自民党の石破茂幹事長は15日、「借金して事務所の運営費に回している議員も多い。生活が困窮する状況はいかがか」と記者団に述べた。2回の期末手当を含めて現在、議員歳費の年額水準は約1685万円。削減が終了すれば約2106万円に戻る。党内では「民間に給与を上げるよう要請しているので総合的に考えるべきだ」(細田博之幹事長代行)と、賃上げの「率先垂範論」まで飛び出す。
公明党は「議員定数削減が実現していない」(井上義久幹事長)として、削減幅を約7%に圧縮しての延長を要求。自民党は「パフォーマンス」(幹部)と冷ややかだ。
政権与党当時に歳費削減を実現した民主党は、態度を明確にしない。松原仁国対委員長は「議員個々の問題なので丁寧な議論が必要だ」と述べるにとどめる。

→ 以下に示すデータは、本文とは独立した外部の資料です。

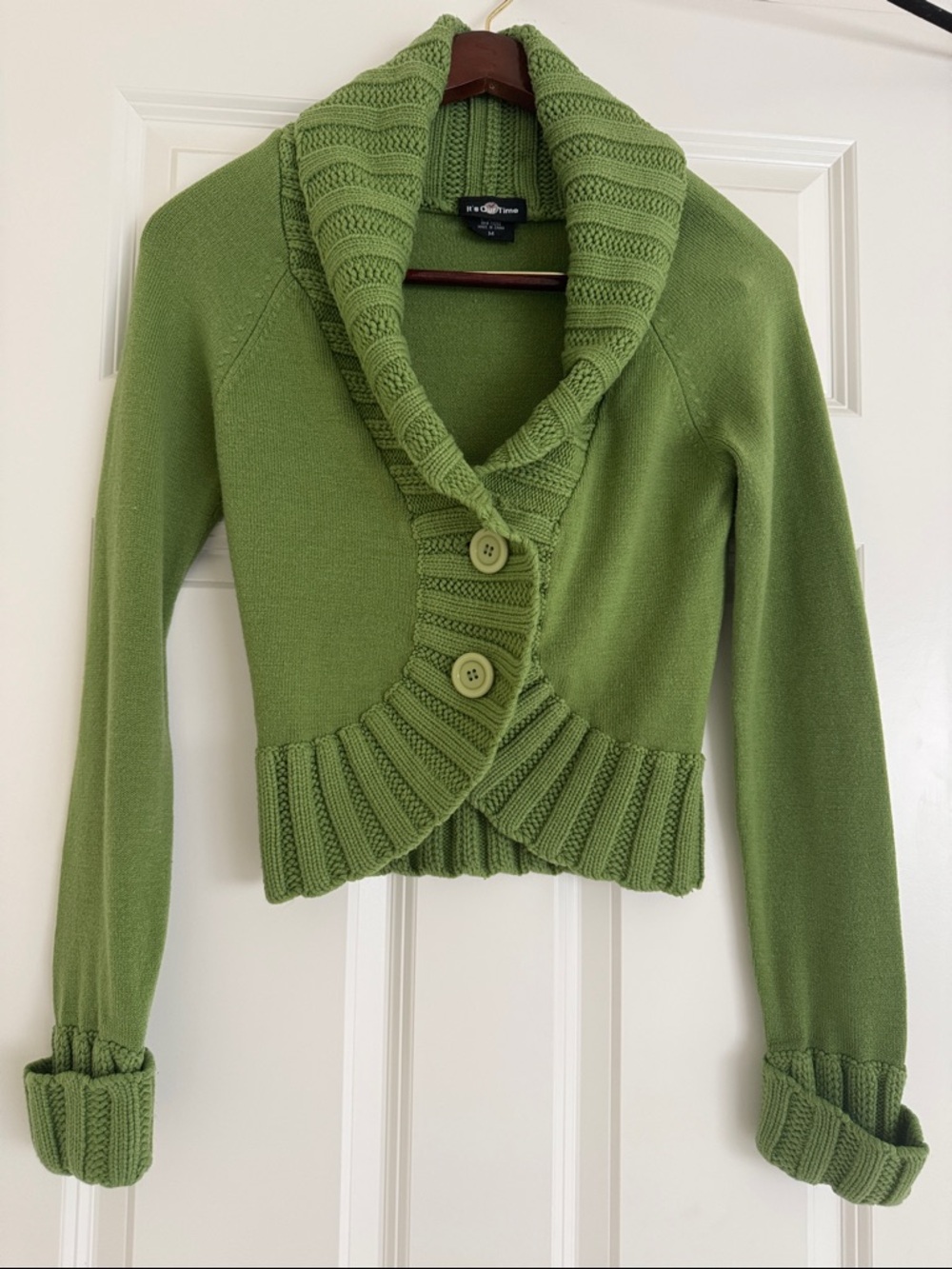 It's Our Time Green Shawl-Collar Button Cardigan - Picture 4 of 4
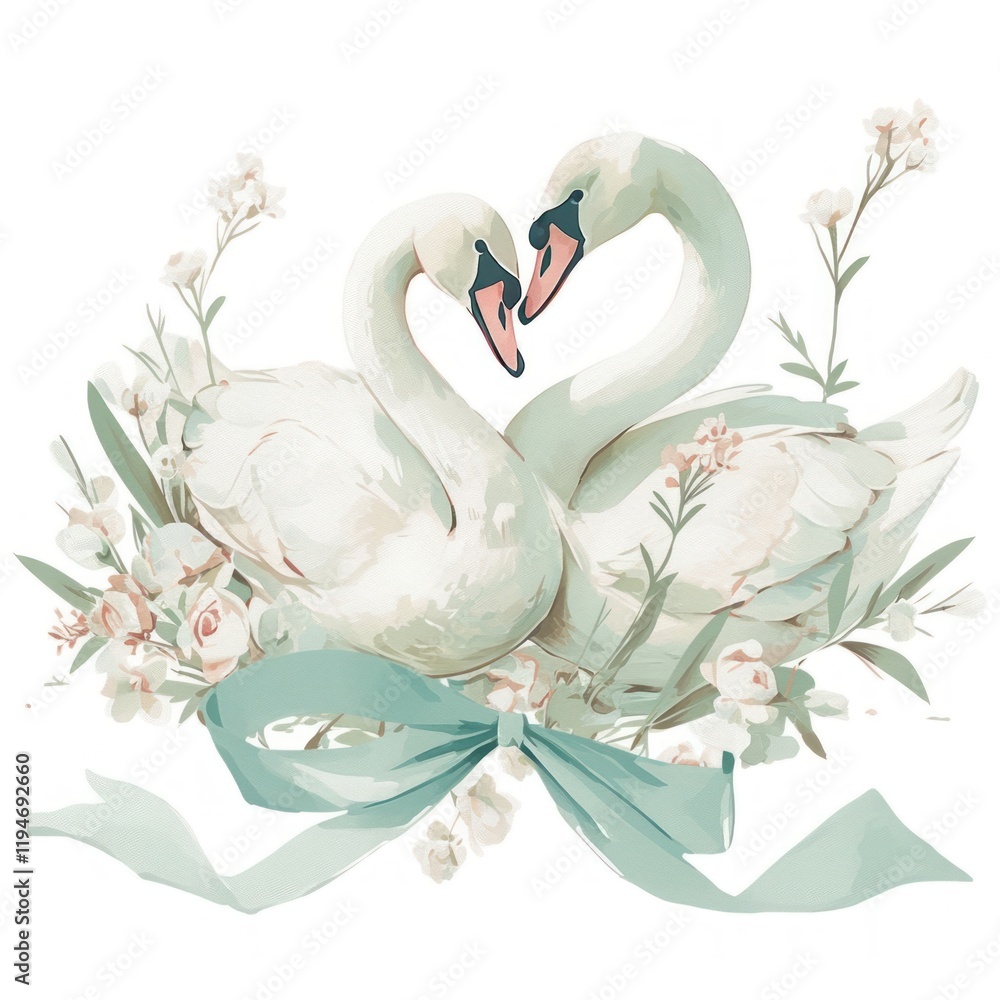Obraz premium Coquette 2 swans dessert wedding animal.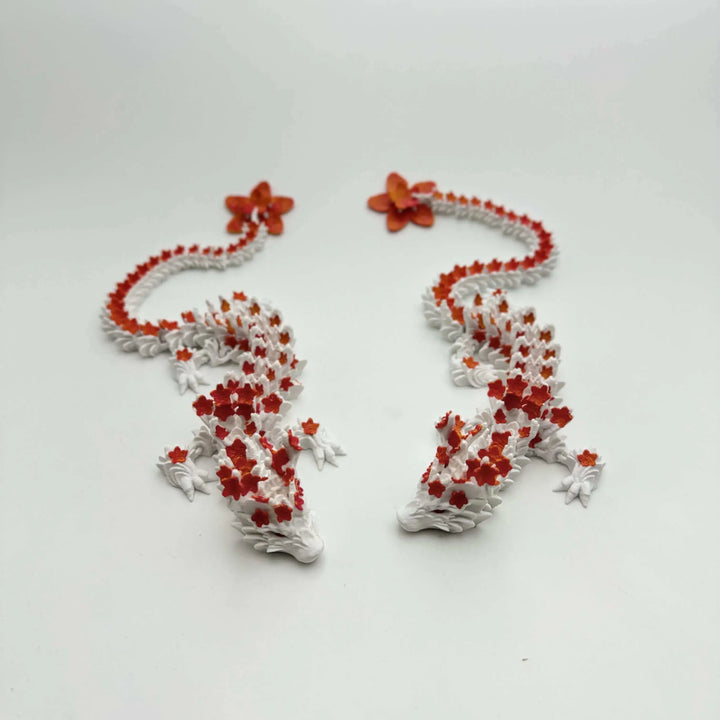 Dragón Sakura articulado impreso en 3D: diseño con bisagras, juguete de fantasía único, decoración del hogar, figura, coleccionable y juguete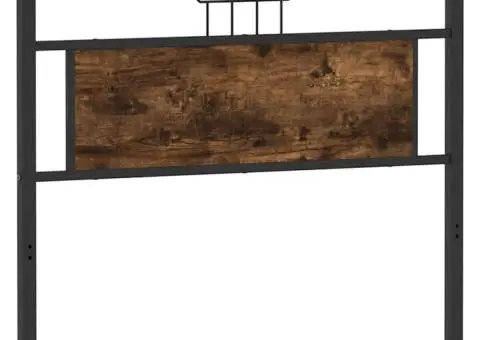 Tăblie de pat, stejar fumuriu, 100 cm, lemn prelucrat și oțel - 2/5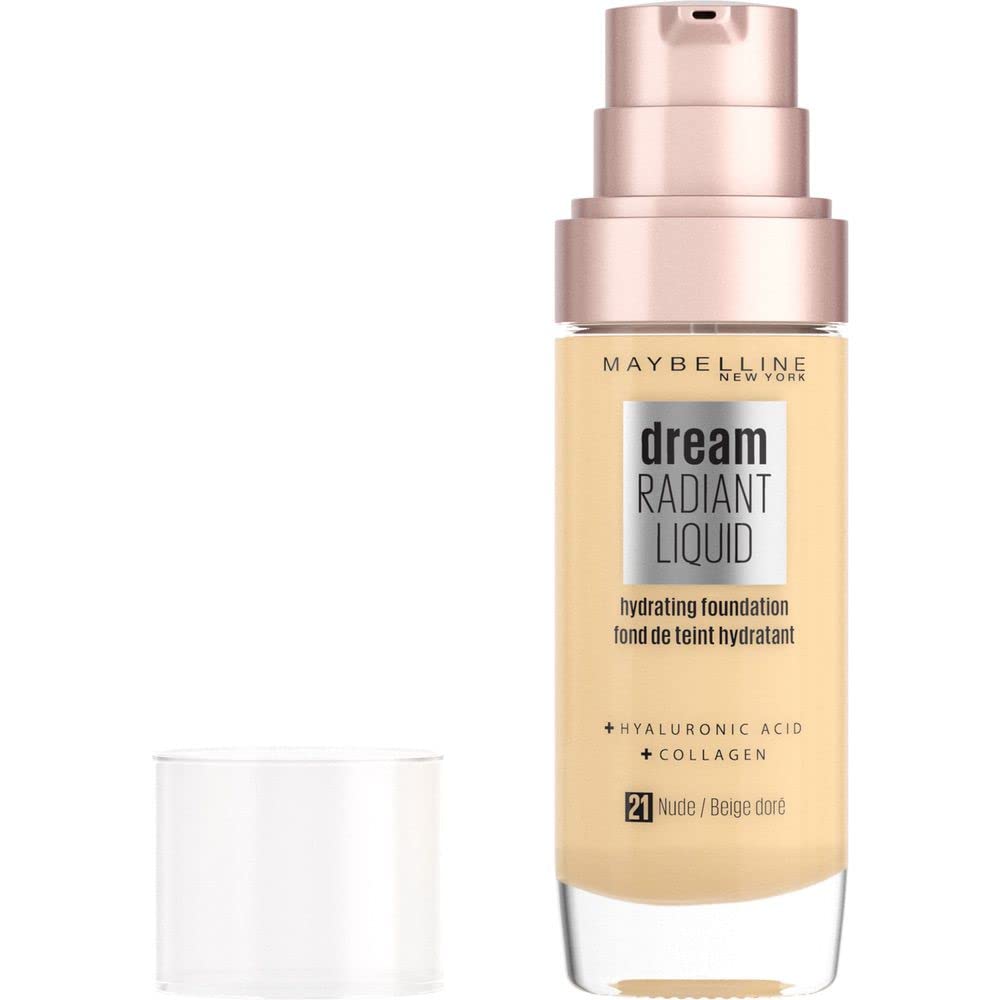 Maybelline New York Base Per Trucco Con Siero Idratante Liquido Dream Satin, 21 Nude-image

閣僚経験者は「誰もが歳費を上げてほしいと思っている」と本音を漏らす。
2012年の衆院選公約で30%削減を掲げた日本維新の会も腰が定まらない。小沢鋭仁国対委員長は現行の半分の10%カットを提唱したが、橋下徹共同代表の鶴の一声で、30%削減を要求する方針を決めた。
結いの党は、30%削減の議員立法の共同提出を日本維新に働き掛ける考えだ。消費税増税に反対する共産党は歳費に関し「検討中」(志位和夫委員長)と説明する一方、「最大の無駄遣い」(同氏)と位置付ける政党交付金の全廃を訴える。
期限が迫っているため各党は声を上げるものの、自民党幹部は「歳費の議論はもう終わった」と語り、逃げ切り作戦の「成功」を宣言した。